Summary
assuming that the forfeiture cases before it had become subject to bankruptcy's automatic stay
Summary of this case from Matter of BellOpinion
Civ. No. 89-1057-BE.
February 24, 1992.
Charles H. Turner, U.S. Atty., Dist. of Oregon, Leslie J. Westphal, Asst. U.S. Atty., Portland, Or., for plaintiff.
Gary M. Bullock, Bullock Regier, P.C., Portland, Or., for claimant Eileen Crowell.
OPINION
The motions before me concern two related civil forfeiture cases, in which the defendants are property of Eileen and Palmer Crowell. Eileen Crowell moves to refer the two cases to the Bankruptcy Court for the District of Oregon. I have heard oral arguments and considered the briefs of the parties.
BACKGROUND
Eileen and Palmer Crowell are a married couple from Glenwood, Oregon, in Washington County. They were arrested on various federal drug and tax charges, stemming from the cultivation and distribution of marijuana by Palmer. Palmer subsequently pled guilty to the possession and manufacture of controlled substances. He was recently sentenced to a term of imprisonment. The drug charges against Eileen were dropped, but she entered an Alford plea to one count of underreporting her income for the year of 1986. She has a continuing dispute with the IRS regarding her tax liability for the years 1987, 1988, and 1989.

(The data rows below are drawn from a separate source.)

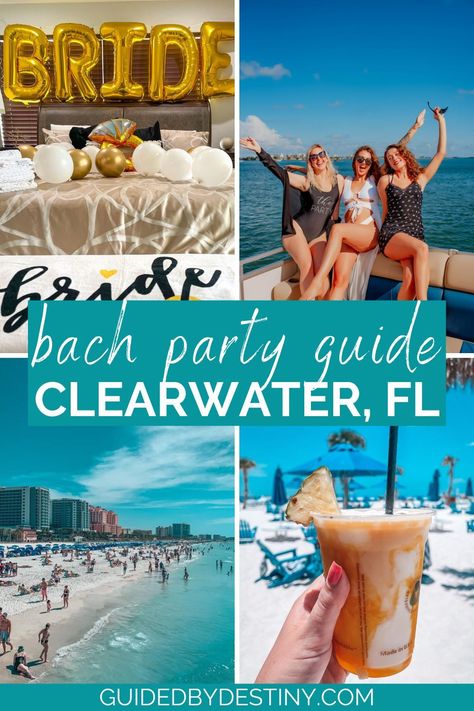 If you're looking for the ultimate Clearwater Beach bachelorette party guide, look no further! This post includes the best things to do in Clearwater Beach, where to stay in Clearwater Beach, fun nightlife in Clearwater Beach, the best restaurants in Clearwater Beach, and more. This guide is also great for girls weekend in Clearwater Beach. This Florida bachelorette location is perfect! Bachelorette Clearwater, Where To Eat In Clearwater Beach, Beach Bachelorette Locations, Florida Beach Bachelorette Party, Clearwater Bachelorette Party, Best Beach Bachelorette Locations, Clearwater Beach Bachelorette Party, Tampa Bachelorette Weekend, Florida Bachelorette Party Destinations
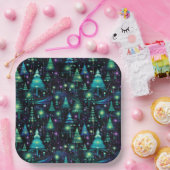 魅惑の森の木のパターン ペーパープレート (パーティー)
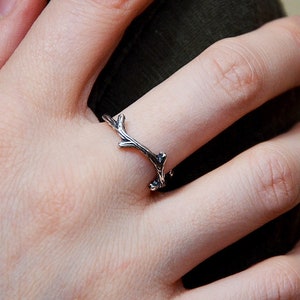 Twig Wrap Ring in Solid Hand Cast 925 Sterling Silver Woodland Jewelry Gift for Nature Lover image 1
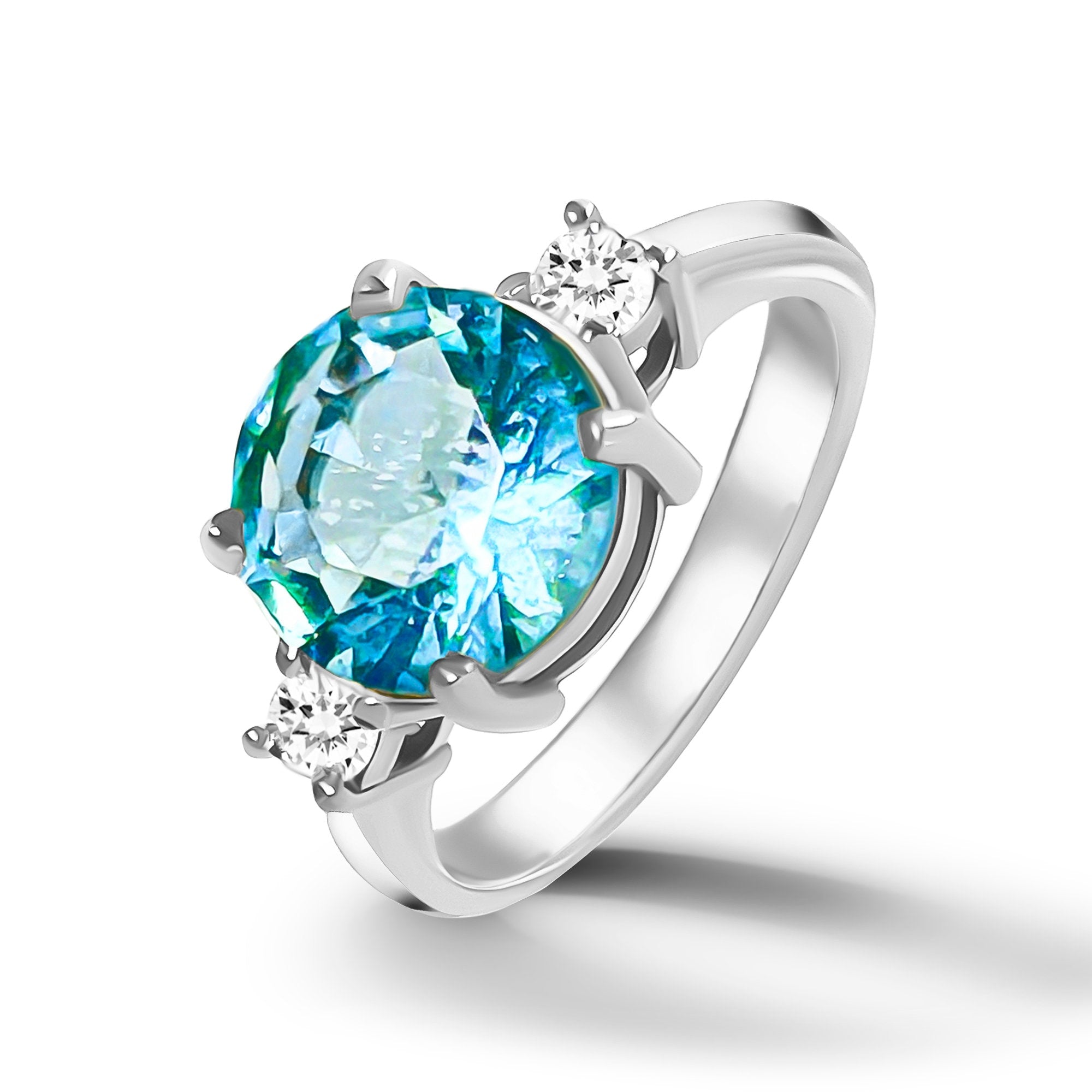 Blue Topaz Ring - December Birthstone - Round Blue Topaz Statement Engagement Ring with Clear Quartz Accents - H.L.Jewelry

On October 6, 1989, the United States filed two civil forfeiture actions against property of the Crowells. CV89-1056-BE concerns a pickup truck, a trailer and $117,520 in U.S. currency. CV89-1057-BE concerns approximately 17 acres of real property which contains the Crowell residence, known as Star Route Box 1328. The Crowells hold this real property as tenants by the entirety. Palmer and Eileen have each filed claims in both forfeiture actions. They were permitted to continue living in their residence pursuant to an occupancy agreement.
The forfeiture cases were stayed pending the resolution of the criminal cases. On October 17, 1991, about the time that the criminal proceedings were concluding, Eileen filed a Chapter 13 bankruptcy petition. Thus, these forfeiture cases came under the automatic stay, at least as far as Eileen is concerned. Eileen's claim to the property in these forfeiture cases appears to be the major asset of the bankruptcy estate. Apart from the government's forfeiture claims, Eileen's principal creditors are the IRS, which asserts a claim for income taxes, and Washington County, which asserts a claim for property taxes.
On December 10, 1991, the United States moved for relief from the automatic stay in order to pursue these forfeiture cases against Eileen. At about the same time, Eileen filed this motion to refer the forfeiture cases to the bankruptcy court. The Bankruptcy Judge has taken under advisement the government's motion for relief from the automatic stay, but has not yet ruled on that motion.
DISCUSSION
As a preliminary matter, the government moves to strike Eileen's reply memorandum regarding this motion because it was filed approximately a week late. The government does not show any prejudice due to this tardiness. I find that it would be too harsh to strike the reply memorandum in this instance, but caution counsel to be more prompt in the future. The government's motion to strike is denied.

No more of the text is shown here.